The ordinance provided that the borough would remunerate property owners for any damage that might be incurred and if agreement could not be made the Borough will have the right to condemn such property as may be necessary to obtain the desired width.

Prior to introduction of the above ordinance a petition from several property owners along the avenue was presented.

A resolution was adopted that the borough clerk post notice of intention for widening of the avenue in five of the most prominent places in the borough.

On motion the clerk was authorized to notify the railroad as to the condition of the crossing at Main street near the Michelin Tire Co.

The clerk was also authorized to notify the Board of Freeholders as to the condition of the bridge crossing Lawrence Brook.

The light committee was authorized to purchase a transformer for use in connection with the ventilating system at the school.

On motion the clerk was authorized to send a special notice to the property owners along Riva avenue, who have not as yet signed petitions for widening of said avenue.

Milltown to Have New Order.

C. H. Crenning, who is well versed in lodge work, has decided to use his best efforts towards instituting an Order of Owls in the borough, provided he can secure the necessary signers to the petition, which he is about to circulate. While the Order of Owls is practically now here in the East, it was founded at South Bend, Ind., in November, 1904. During its existence the growth has been marvelous, and branches of the order have been established in nearly every State in the Union as well as through Canada. Nearly 1,900 nests have been instituted with a membership of over 300,000.

The owls have a furnished home for their orphans where they educate them, at South Bend, Ind. They also have their own hospital. They now have a bill before Congress to set aside public land for a tuberculosis hospital and camp for the members of the order. They assist deserving widows of deceased members by a monthly pension. Their ritual; is beautiful and ennobling. They advocate no creed-nothing offensive to any man’s religion.
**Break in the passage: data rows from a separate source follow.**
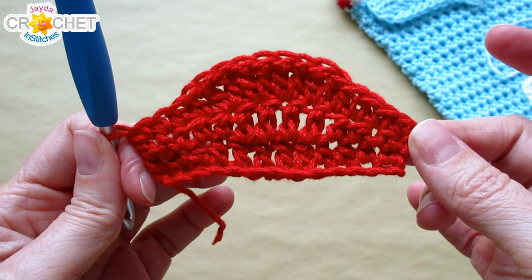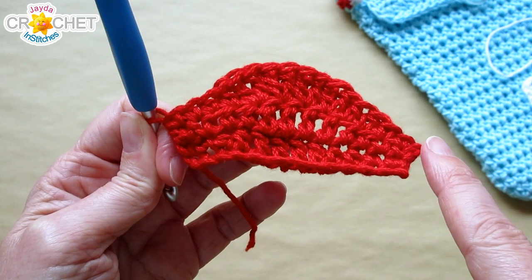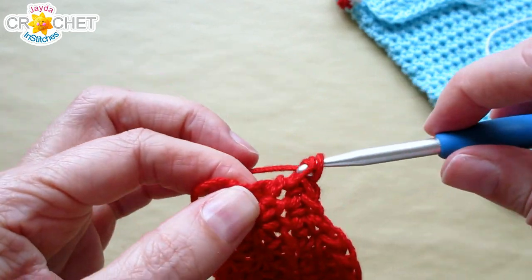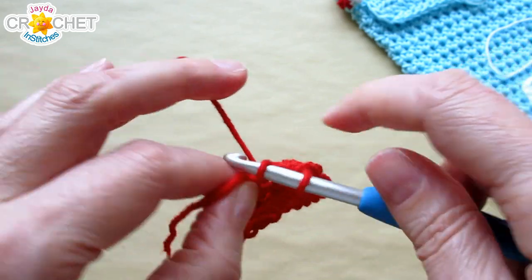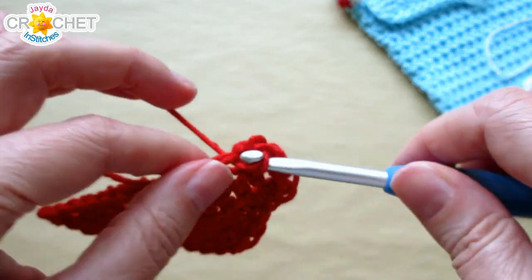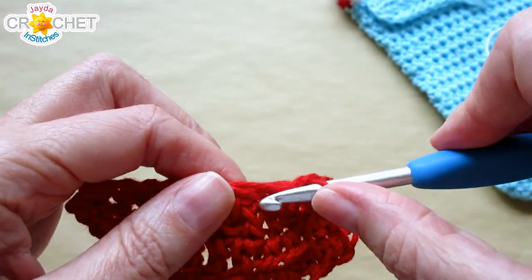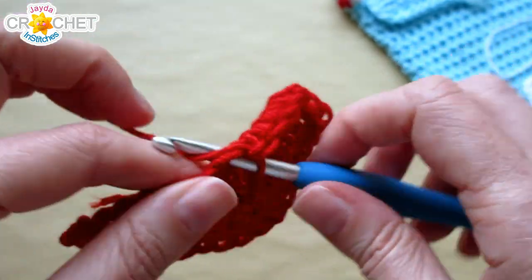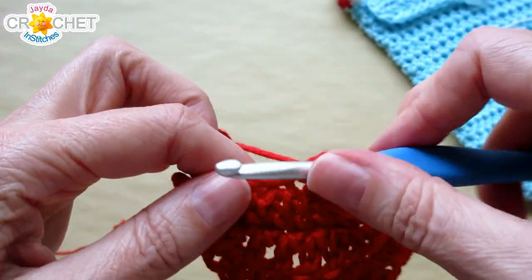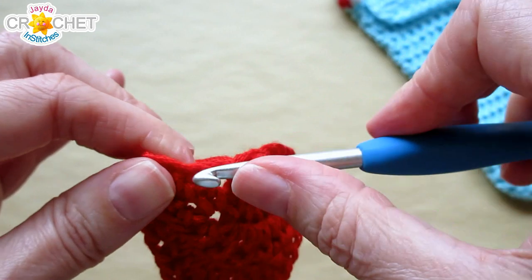We are not chaining one and not turning. Right from where you are, start working down the side, across the bottom, up the other side, and all the way around the top again — just single crochet around the edge of all three rows. Get your hook in there anywhere you can; don't worry too much about it. Single crochet in each foundation chain all the way across. The actual stitch count for this edging row doesn't matter — you're just smoothing out the edge.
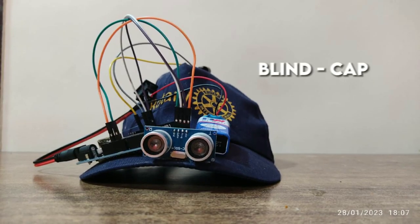My model name is Blind Cap, which is also called the Blind People Guidance Cap. This project is a beautiful gift to human beings, based on an ultrasonic sensor which helps blind people to walk or travel individually.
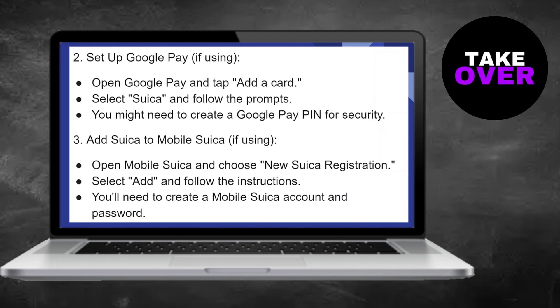Then, open Mobile Suica and choose New Suica Registration. Select Add and follow the instructions to create a Mobile Suica account and password.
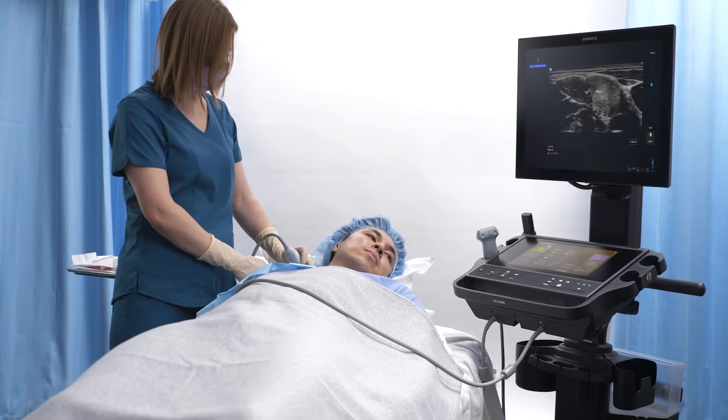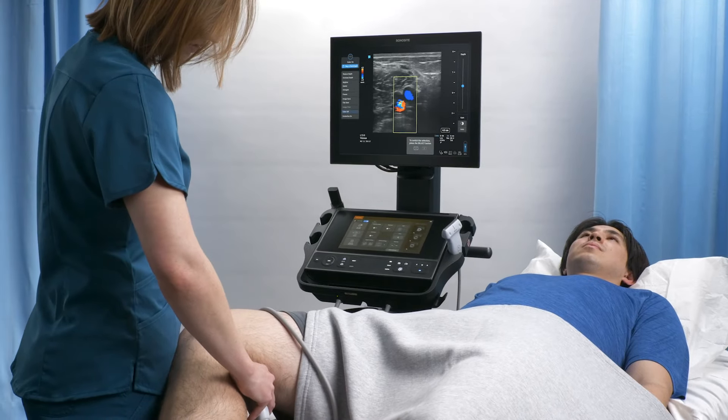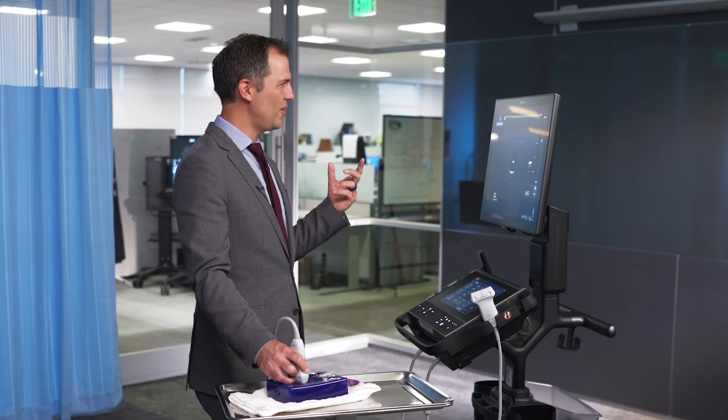So that's SonaSight right there. With Voice Assist, focus on what matters most — your patient's care. When you think of voice activation, you want it to be super responsive and super reliable. That's what this is.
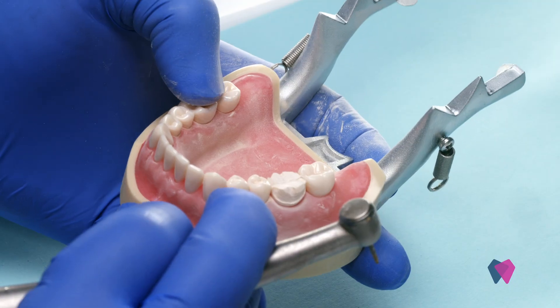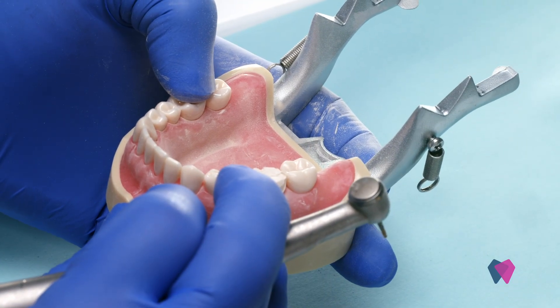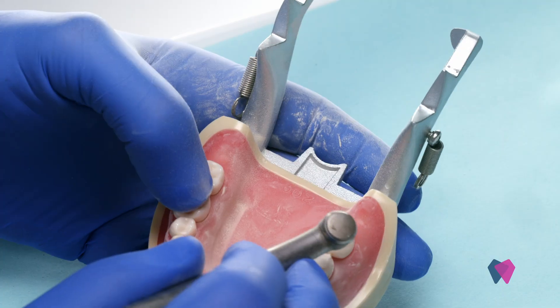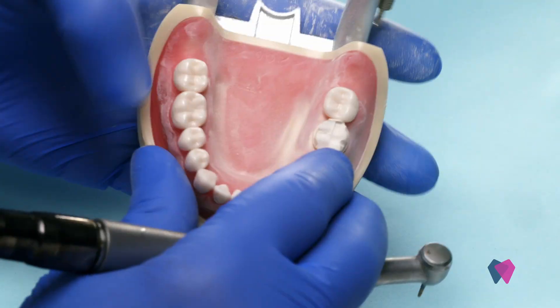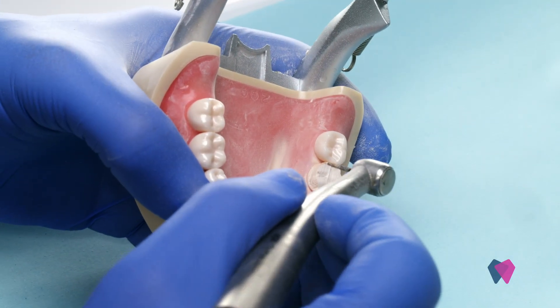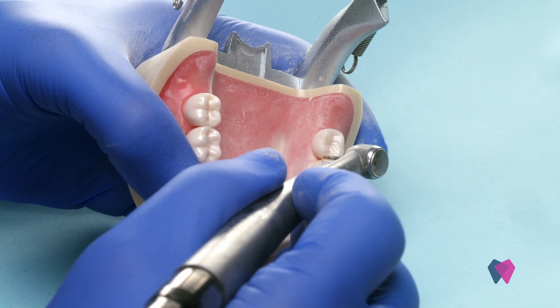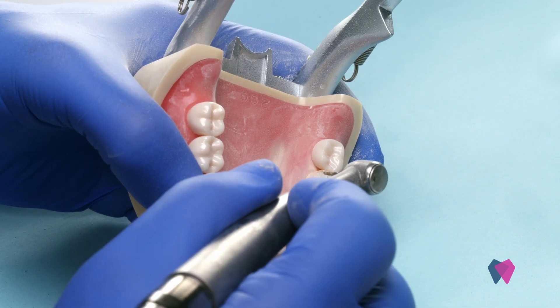So we've got our reduction on the facial and the lingual surfaces. Now let's try and go interproximally. You can use this burr, or if you find that it's too close, you can always go to a thinner burr. Let's start with this one first.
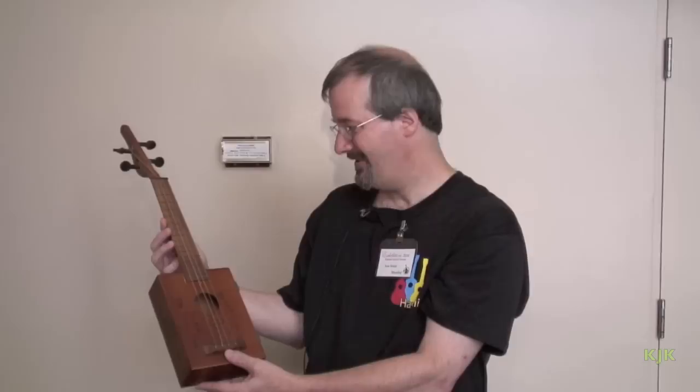Thank you very much for letting me take a look at a very, very interesting little cigar box ukulele.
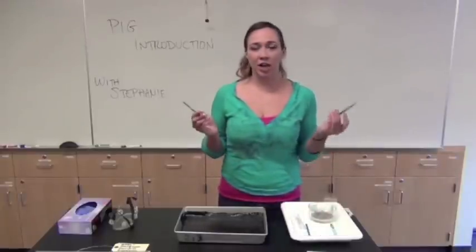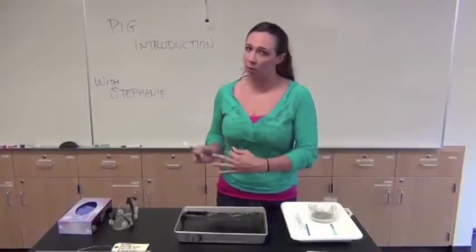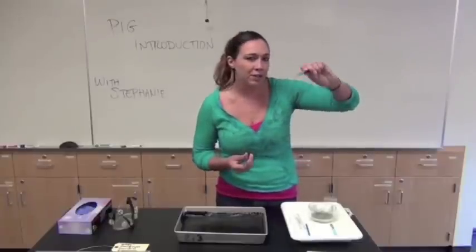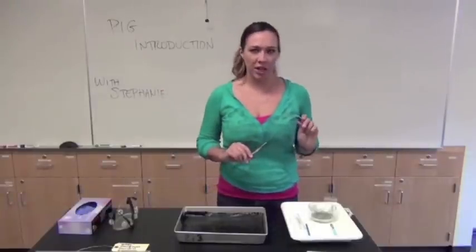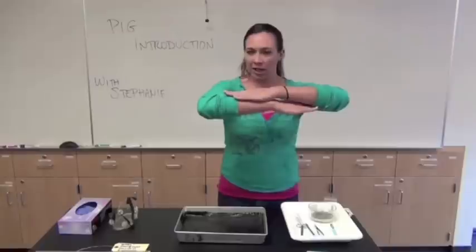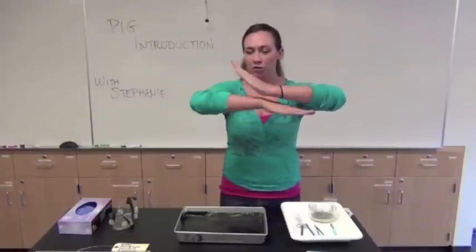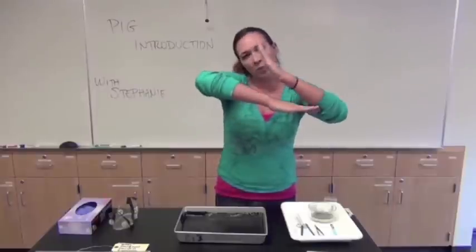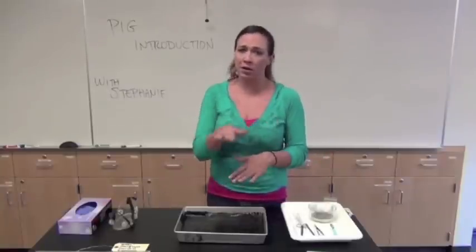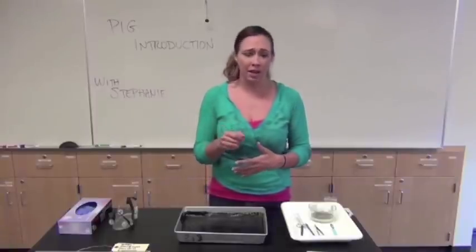Next up are the scissors and tweezers. One person should be doing the dissection at all times while the other takes notes and pictures. You always want to lift up with the tweezers and cut with the scissors to remove layer by layer, so you don't damage anything. Lift and cut right at the connective tissue, then lift again and cut, slowly peeling layer by layer. This helps you avoid damaging organs or the thin arteries and veins underneath.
The special charter fee is $5 per member, and any one between the ages of 13 and 55 desiring to be- come a charter member may do so by singing the petition. After the charter is closed the regular initiation fee will not be less than $10; hence you can readily see the advisability of getting in on the ground floor.

The motto of the Order of Owls is as follows:

“There’s so much bad in the best of us,

And so much good in the worst of us,

It hardly behooves any of us

To speak ill of the rest of us.

They also have a toast, which reads as follows:

“Here’s to the man whose hand Is firm when he holds your own. Like a grip of steel that makes you feel

You’re not in the world alone.”

The new home of Charles Durham is nearing completion so far as the exterior is concerned.

Other Town Topics.

William Kuhlthau, Sr., is spending a few days at Morris Park, L. I. A reward of $10 has been offered. for information that will lead to the arrest of the parties that entered the building, adjoining Red Men’s Hall, and splattered paint, about the walls and floor.

At the Churches.

At the Methodist Church there will be special revival services, both morning and evening, and in the event of Miss Annie Agnes Smith, the evangelist, not putting in an appearance, Rev. L. L. Hand will occupy the pulpit. There is, however a likelihood of Miss Smith being able to take up her duties here tomorrow.

At the German Reformed Church there will be memorial service in the morning at 10.30, and members of families that have been bereaved during the past year are especially requested to be present. Sunday school will be held at 9.30 a. m. as usual. Young People’s Society will meet at 7 o lock and usual evening service will be held at 7.30. there will be services held on thanksgiving Day at 10.30 a. m.